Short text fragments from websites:
※

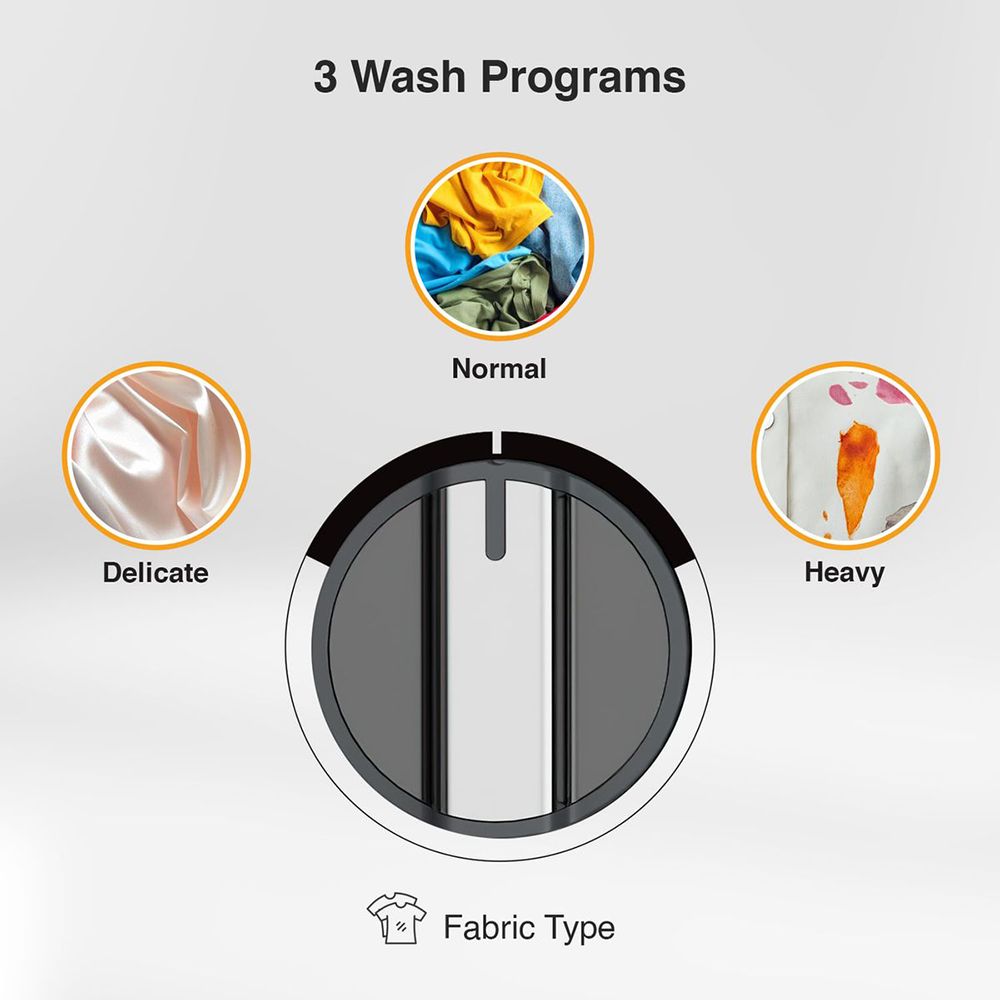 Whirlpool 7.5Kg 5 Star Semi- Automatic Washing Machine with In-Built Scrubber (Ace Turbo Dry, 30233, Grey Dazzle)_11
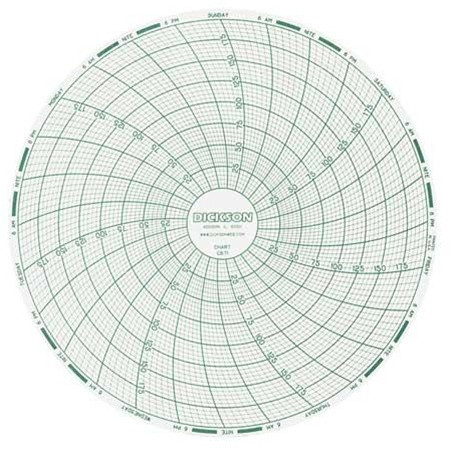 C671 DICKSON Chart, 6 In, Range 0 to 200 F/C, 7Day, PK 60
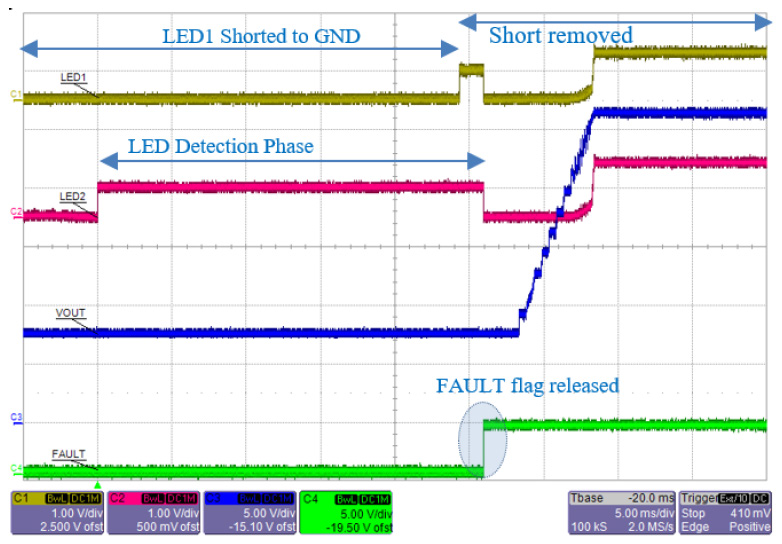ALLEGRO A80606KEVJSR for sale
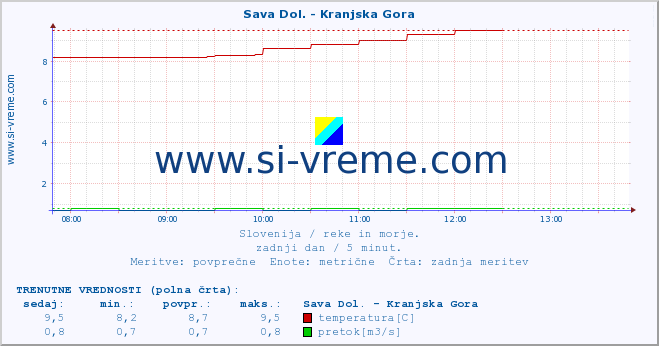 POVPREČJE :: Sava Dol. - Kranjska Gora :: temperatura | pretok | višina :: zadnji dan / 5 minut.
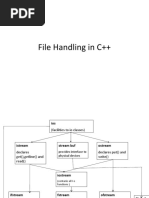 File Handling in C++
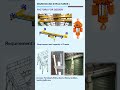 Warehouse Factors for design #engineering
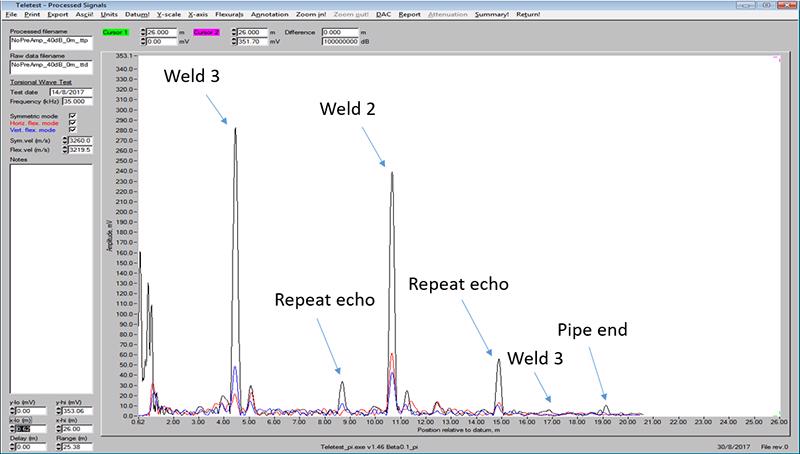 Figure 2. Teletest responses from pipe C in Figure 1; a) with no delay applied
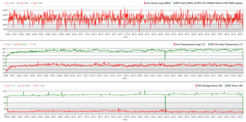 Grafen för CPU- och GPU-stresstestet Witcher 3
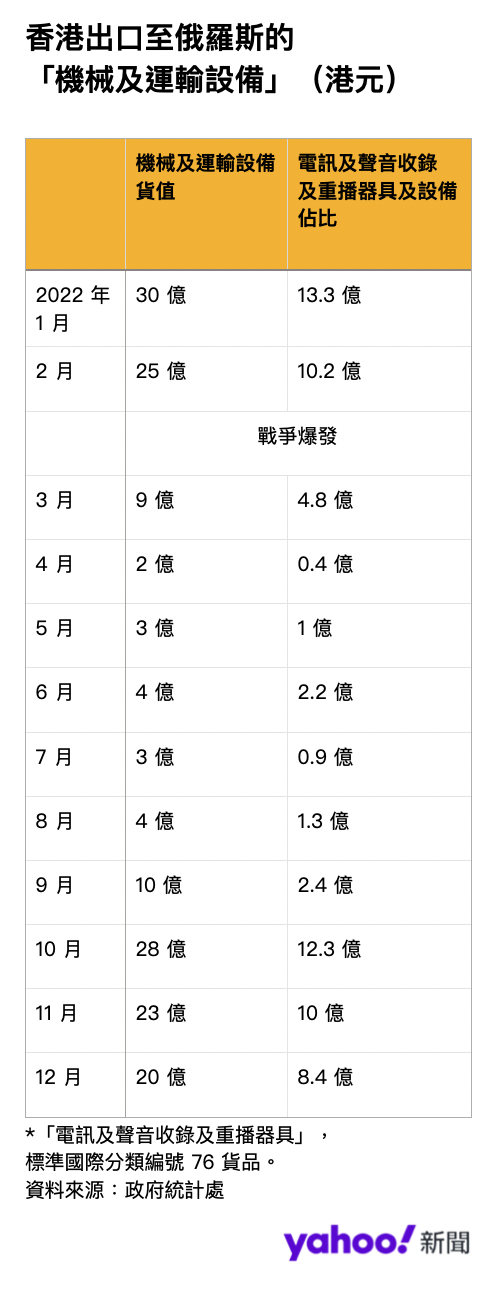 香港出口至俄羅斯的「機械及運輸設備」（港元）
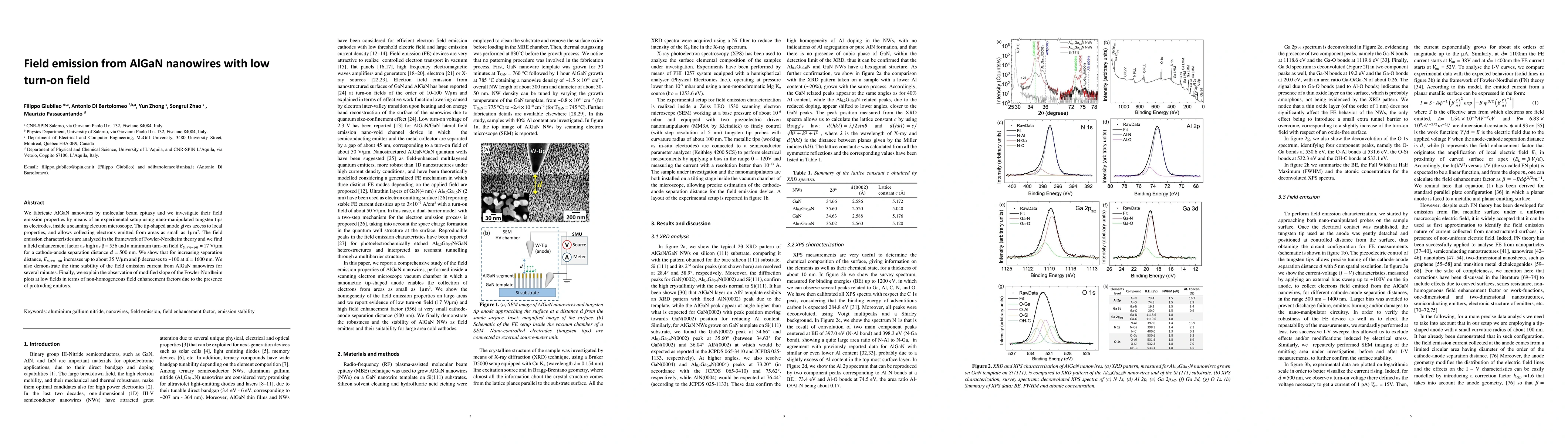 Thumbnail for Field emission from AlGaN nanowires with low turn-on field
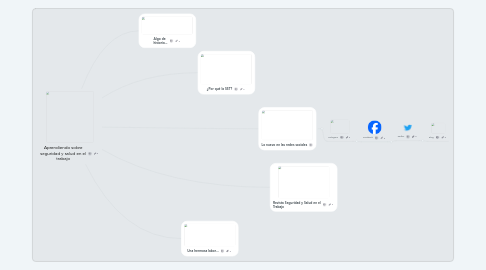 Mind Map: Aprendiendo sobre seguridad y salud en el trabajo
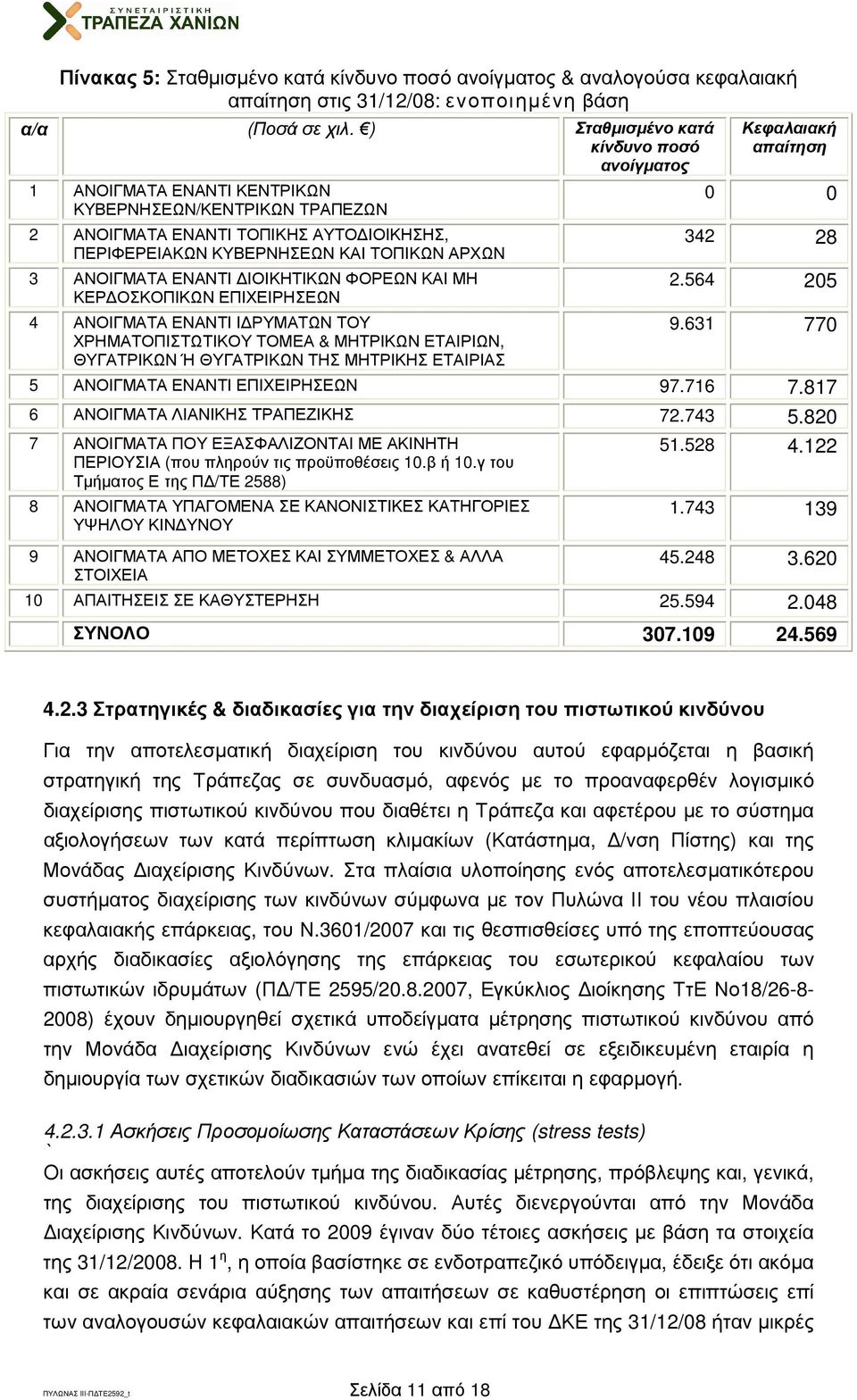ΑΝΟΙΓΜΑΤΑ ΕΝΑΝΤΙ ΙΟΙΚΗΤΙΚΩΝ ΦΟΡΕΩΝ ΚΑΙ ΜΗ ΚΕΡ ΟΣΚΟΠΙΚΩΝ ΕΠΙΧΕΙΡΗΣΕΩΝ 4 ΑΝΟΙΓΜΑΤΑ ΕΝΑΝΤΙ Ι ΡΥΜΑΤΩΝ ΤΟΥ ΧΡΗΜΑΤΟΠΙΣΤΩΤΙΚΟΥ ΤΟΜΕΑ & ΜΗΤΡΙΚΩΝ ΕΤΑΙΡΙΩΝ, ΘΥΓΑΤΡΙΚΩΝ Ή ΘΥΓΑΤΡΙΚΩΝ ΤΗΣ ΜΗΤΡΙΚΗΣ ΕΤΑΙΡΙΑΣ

※

Work order = Reproduce the span beginning at the line with "Grafen för CPU- och" and ending at the last line of the entries above, inclusive, exactly as it stands. Exclude the pictures.

Output for this exercise =
 Grafen för CPU- och GPU-stresstestet Witcher 3
 香港出口至俄羅斯的「機械及運輸設備」（港元）
 Thumbnail for Field emission from AlGaN nanowires with low turn-on field
 Mind Map: Aprendiendo sobre seguridad y salud en el trabajo
ΑΝΟΙΓΜΑΤΑ ΕΝΑΝΤΙ ΙΟΙΚΗΤΙΚΩΝ ΦΟΡΕΩΝ ΚΑΙ ΜΗ ΚΕΡ ΟΣΚΟΠΙΚΩΝ ΕΠΙΧΕΙΡΗΣΕΩΝ 4 ΑΝΟΙΓΜΑΤΑ ΕΝΑΝΤΙ Ι ΡΥΜΑΤΩΝ ΤΟΥ ΧΡΗΜΑΤΟΠΙΣΤΩΤΙΚΟΥ ΤΟΜΕΑ & ΜΗΤΡΙΚΩΝ ΕΤΑΙΡΙΩΝ, ΘΥΓΑΤΡΙΚΩΝ Ή ΘΥΓΑΤΡΙΚΩΝ ΤΗΣ ΜΗΤΡΙΚΗΣ ΕΤΑΙΡΙΑΣ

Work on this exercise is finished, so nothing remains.